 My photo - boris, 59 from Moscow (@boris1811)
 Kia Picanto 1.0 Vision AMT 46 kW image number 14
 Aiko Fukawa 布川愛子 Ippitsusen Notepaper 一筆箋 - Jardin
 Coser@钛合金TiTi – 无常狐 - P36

________________________

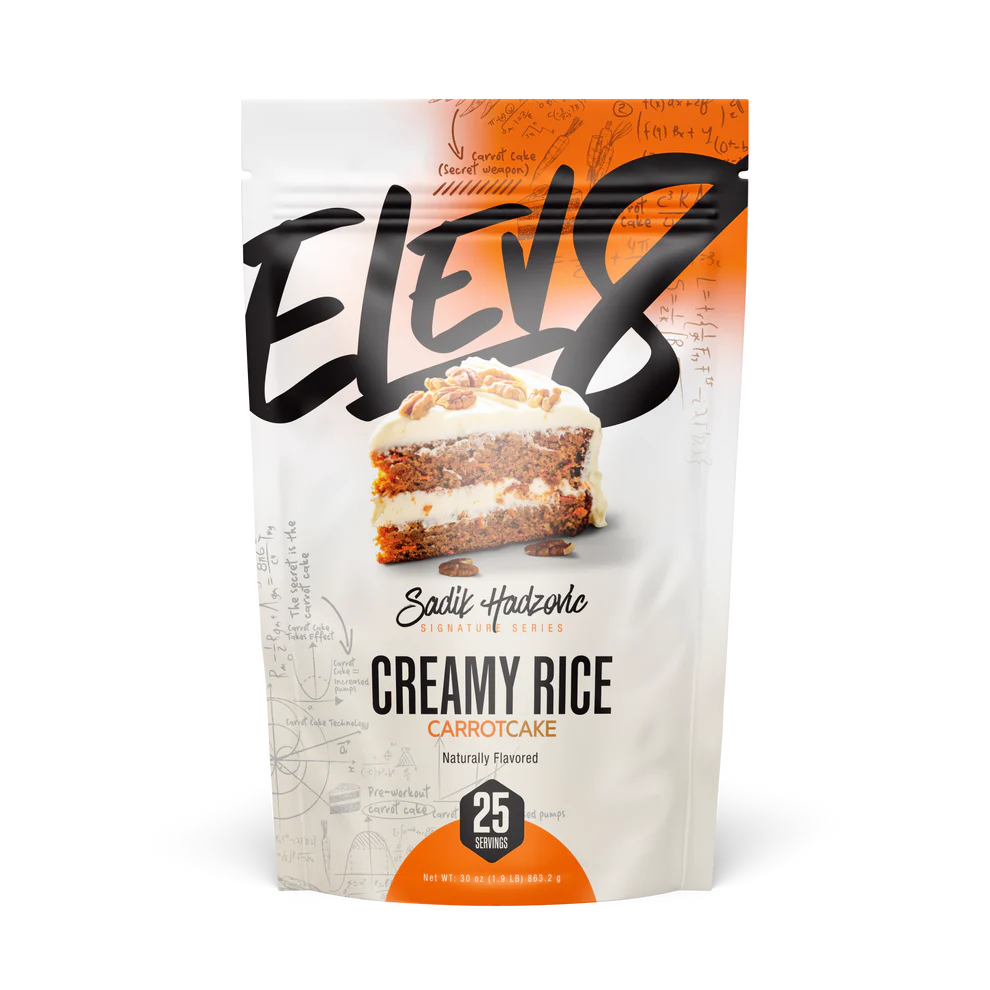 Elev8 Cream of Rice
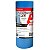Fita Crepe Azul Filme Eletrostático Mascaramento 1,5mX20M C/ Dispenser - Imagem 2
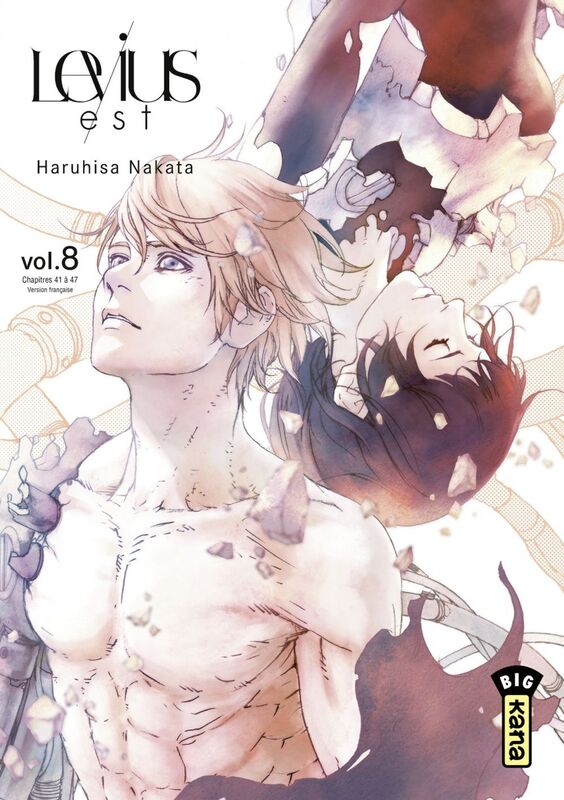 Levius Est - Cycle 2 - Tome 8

________________________

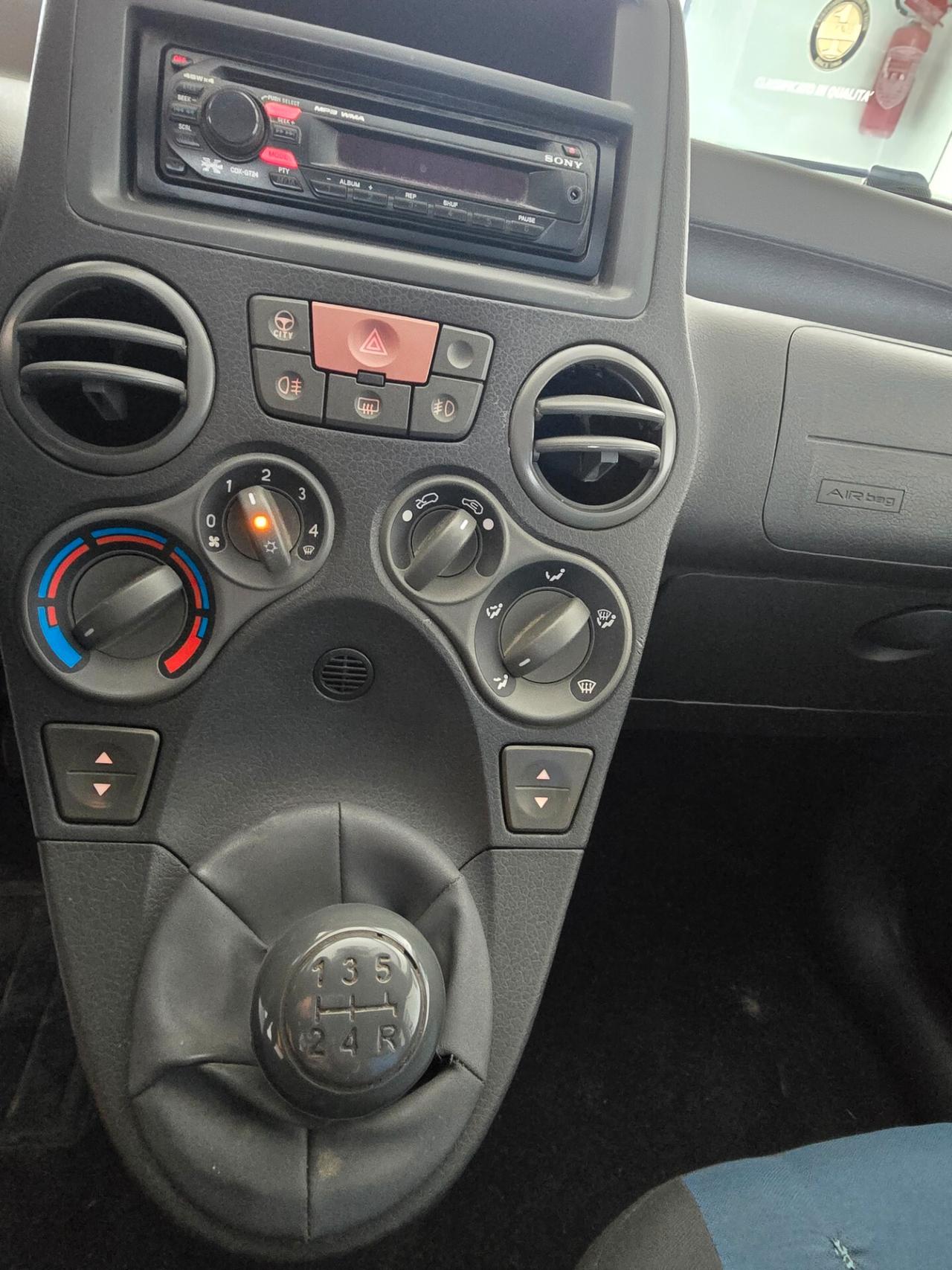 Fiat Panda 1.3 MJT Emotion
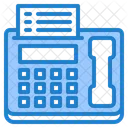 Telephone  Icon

________________________

Copy only this part of the entries above: the line with "My photo - boris, 59", the line with "Coser@钛合金TiTi – 无常狐 - P36", and the lines between, all exactly as written.

* Solution for this task:
 My photo - boris, 59 from Moscow (@boris1811)
 Kia Picanto 1.0 Vision AMT 46 kW image number 14
 Aiko Fukawa 布川愛子 Ippitsusen Notepaper 一筆箋 - Jardin
 Coser@钛合金TiTi – 无常狐 - P36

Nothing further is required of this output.